## TASK REQUIREMENTS
Begin at the line containing "Kappa Mens Panelled" and retype each line through the end of the records exactly. Include nothing else and no pictures.
------ EXTRACTED MATERIAL ------
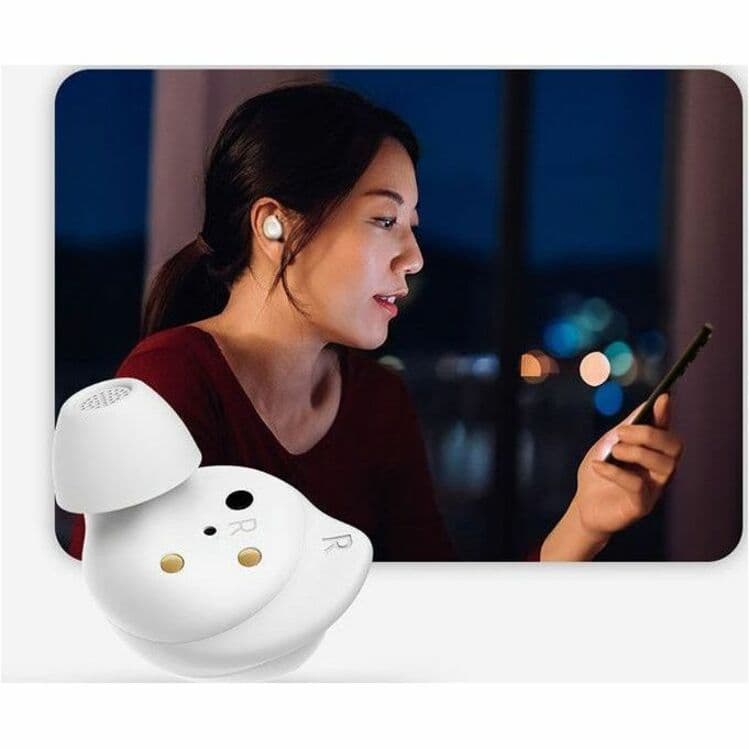 Samsung Galaxy Buds FE White wireless in-ear earbuds with compact charging case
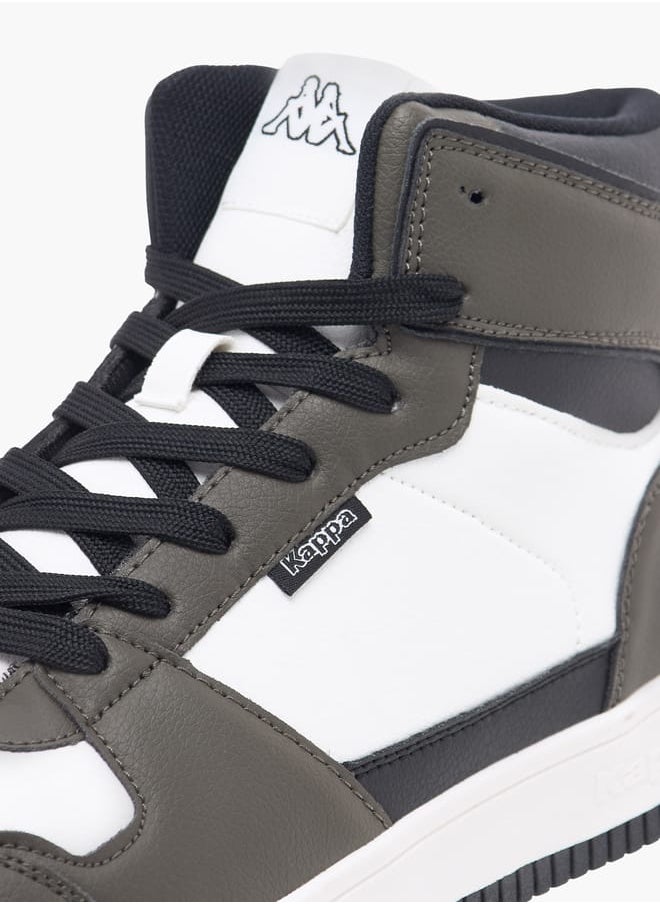 Kappa Mens Panelled High Top Lace-Up Sneakers  - Image 4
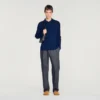Rib knit cardigan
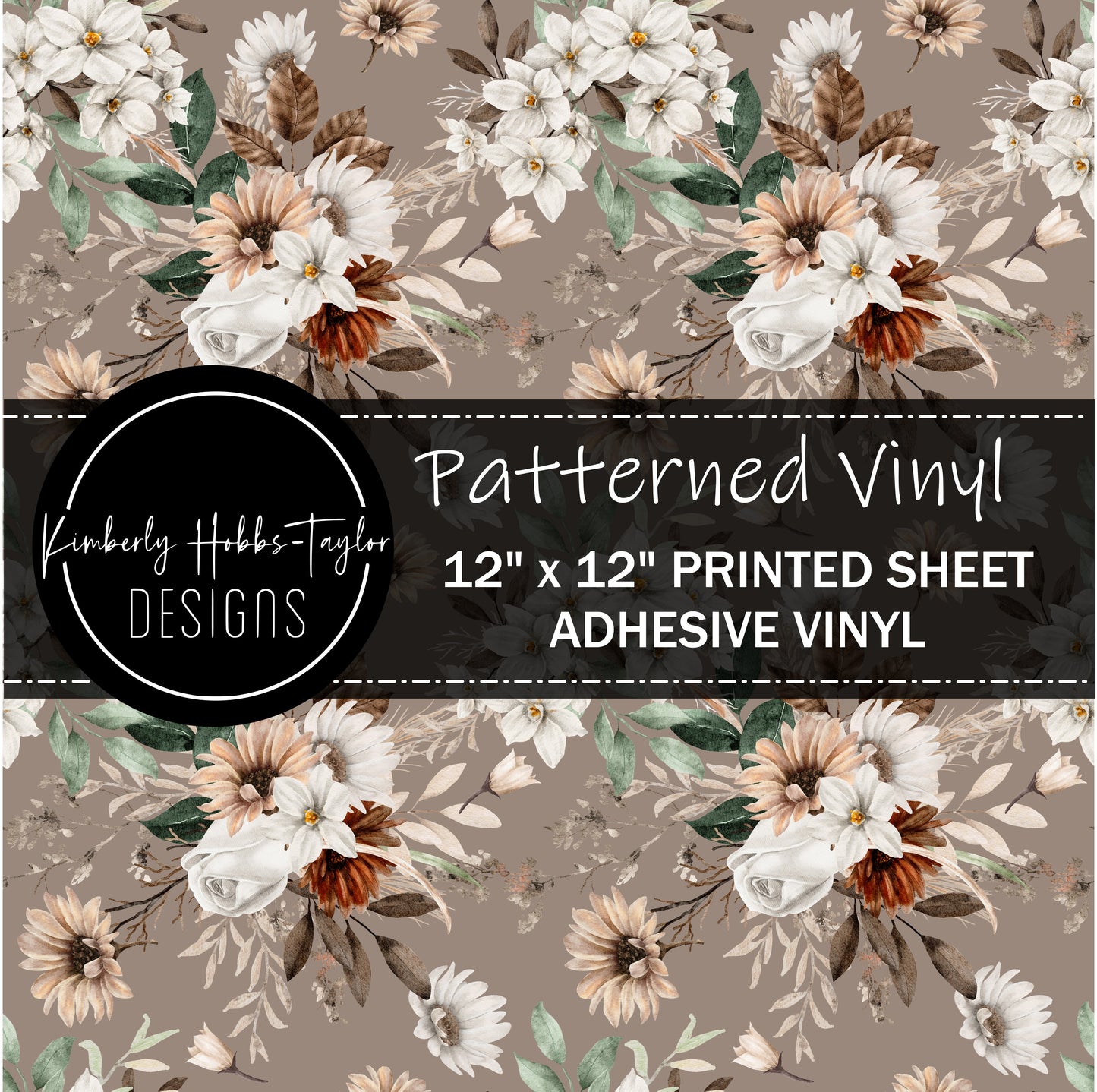 Autumn Floral A vinyl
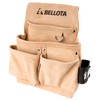 BELLOTA PC4BOL Leather Tool Bag with 4 Pockets for Hammer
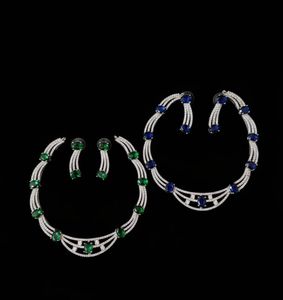 Elegant Blue Stone &amp; Diamond Bracelet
------
## REPLY
 Kappa Mens Panelled High Top Lace-Up Sneakers  - Image 4
Rib knit cardigan
 Autumn Floral A vinyl
 BELLOTA PC4BOL Leather Tool Bag with 4 Pockets for Hammer
 Elegant Blue Stone &amp; Diamond Bracelet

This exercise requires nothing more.